66 thoughts on “Build Your Own Custom Elevator

  1. haha i thought i believed that unistrut is infinitely strong but this article forced me to acknowledge that there are limits to my faith! i just see that kind of triangle loading as being too much for the inside rolled edges.

    that said, i love it and still want to build an elevator in one of my closets..

      1. There is deffinitely load on the inside rolled edges. The winch lifts vertically along the rails, but the load exerts forces on the diagonal platform braces and pulls on the rolled edges. Probably not a huge load issue, but should be monitored with regular use, as it could fail eventually… although you would probably notice a rougher movement through the track… beforehand.

    1. An inspector for a house sale is mostly looking for deferred maintenance. They’ll occasionally catch modifications that can harm the structure of the home, but it isn’t their job to know if something is permitted.

      If a permit inspector called in for something else saw it though, that could lead to some followup.

  2. Assuming that winch has a safety shutoff for when the disc before the hook reaches it, he should raise the height of the disc to the proper level where it should shut off at the elevator’s top of travel.

    1. It’s probably going to be the old “local distribution should be low voltage DC” argument.

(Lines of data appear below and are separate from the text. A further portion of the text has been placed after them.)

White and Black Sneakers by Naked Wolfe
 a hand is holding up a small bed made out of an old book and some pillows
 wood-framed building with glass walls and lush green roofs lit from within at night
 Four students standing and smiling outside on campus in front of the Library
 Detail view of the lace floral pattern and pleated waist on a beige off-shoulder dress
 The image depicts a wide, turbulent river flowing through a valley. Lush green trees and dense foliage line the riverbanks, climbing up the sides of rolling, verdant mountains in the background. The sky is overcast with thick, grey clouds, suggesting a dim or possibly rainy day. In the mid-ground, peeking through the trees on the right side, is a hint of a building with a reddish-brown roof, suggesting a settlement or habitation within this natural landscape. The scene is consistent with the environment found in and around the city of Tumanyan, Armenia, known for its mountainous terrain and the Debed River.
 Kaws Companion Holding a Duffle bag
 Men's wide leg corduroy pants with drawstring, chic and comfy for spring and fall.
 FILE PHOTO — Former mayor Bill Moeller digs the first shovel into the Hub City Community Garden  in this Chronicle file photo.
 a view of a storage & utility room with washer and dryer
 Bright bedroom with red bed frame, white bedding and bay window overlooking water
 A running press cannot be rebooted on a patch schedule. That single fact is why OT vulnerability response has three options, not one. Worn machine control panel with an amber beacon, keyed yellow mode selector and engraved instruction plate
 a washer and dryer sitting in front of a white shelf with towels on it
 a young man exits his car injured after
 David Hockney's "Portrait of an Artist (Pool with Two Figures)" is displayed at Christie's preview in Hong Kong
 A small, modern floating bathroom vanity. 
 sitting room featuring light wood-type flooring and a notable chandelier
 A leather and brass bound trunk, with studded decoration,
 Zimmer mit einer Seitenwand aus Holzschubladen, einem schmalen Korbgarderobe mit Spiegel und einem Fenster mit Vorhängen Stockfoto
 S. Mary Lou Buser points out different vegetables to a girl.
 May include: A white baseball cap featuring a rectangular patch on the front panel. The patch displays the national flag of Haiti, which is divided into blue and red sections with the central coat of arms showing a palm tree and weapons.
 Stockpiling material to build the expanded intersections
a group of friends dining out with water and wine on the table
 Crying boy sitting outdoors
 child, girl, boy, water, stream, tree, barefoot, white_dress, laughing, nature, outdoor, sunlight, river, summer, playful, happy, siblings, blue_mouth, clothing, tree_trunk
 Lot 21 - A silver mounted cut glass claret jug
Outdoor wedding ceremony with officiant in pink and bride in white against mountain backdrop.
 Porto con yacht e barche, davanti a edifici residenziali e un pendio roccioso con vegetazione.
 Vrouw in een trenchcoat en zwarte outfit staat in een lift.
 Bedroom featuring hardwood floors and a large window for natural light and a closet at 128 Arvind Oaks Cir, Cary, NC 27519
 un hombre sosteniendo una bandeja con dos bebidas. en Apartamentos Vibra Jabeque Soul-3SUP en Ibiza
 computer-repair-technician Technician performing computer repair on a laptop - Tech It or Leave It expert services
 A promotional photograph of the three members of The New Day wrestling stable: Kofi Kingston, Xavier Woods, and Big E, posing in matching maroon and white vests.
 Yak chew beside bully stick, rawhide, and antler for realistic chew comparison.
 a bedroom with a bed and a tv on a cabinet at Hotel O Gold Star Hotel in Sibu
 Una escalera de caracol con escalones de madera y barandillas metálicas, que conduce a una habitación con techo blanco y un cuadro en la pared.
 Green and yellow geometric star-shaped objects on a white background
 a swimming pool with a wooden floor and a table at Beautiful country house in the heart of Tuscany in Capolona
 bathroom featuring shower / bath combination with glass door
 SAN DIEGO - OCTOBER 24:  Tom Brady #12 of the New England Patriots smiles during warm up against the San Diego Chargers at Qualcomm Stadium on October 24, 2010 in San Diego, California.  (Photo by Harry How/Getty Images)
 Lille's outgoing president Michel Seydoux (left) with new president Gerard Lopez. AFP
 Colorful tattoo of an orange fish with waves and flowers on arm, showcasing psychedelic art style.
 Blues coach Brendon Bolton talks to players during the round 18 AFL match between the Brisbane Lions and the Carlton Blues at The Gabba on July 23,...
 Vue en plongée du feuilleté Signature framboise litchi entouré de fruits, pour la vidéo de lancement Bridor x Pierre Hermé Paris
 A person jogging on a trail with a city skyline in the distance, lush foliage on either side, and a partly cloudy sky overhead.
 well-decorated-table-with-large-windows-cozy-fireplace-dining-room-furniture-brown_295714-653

      (It fails on having to convert voltages anyways, no arc suppression in switches, and high cable losses)

          1. Yeah, was a really silly comment to make. OK you might be able to argue about 50 Hz vs 60 Hz but what, DC? 400 HZ? DC lost in the current wars for good reason. And high frequency has it’s drawbacks as a power transmission method (skin effect, Corona losses etc)

      1. All new electronics hobbyists are legally required to believe 12v is the future. It’s like the hardware equivalent of writing your own backup software or text editor and convincing yourself it’s better than the common ones….

        The one time where I’m pretty sure they’re totally right is lighting. The way we do lighting now is a hack based on incandescent tech, and we should have standard modular drivers and LED modules, as separate pieces.

        1. Yes, except you won’t get rid of the “hack” either way, because you still have desk and floor lamps, and other lights that plug to standard wall sockets that carry 60 Hz AC. Then you’d have two competing standards.

          And what for? A correctly designed LED lamp should last 25 years, right? It shouldn’t matter if it’s special, because the next time you need to buy another, the whole system is due for an overhaul anyways. Buy the box for spares and they should last the life of the house.

          1. I went that way with a faucet, after finding that the replaceable cartridges in my previous one were discontinued. Fine then, I’ll plan on none of these new models you’ve got here being repairable in 15 years either, and take that lifetime sealed one.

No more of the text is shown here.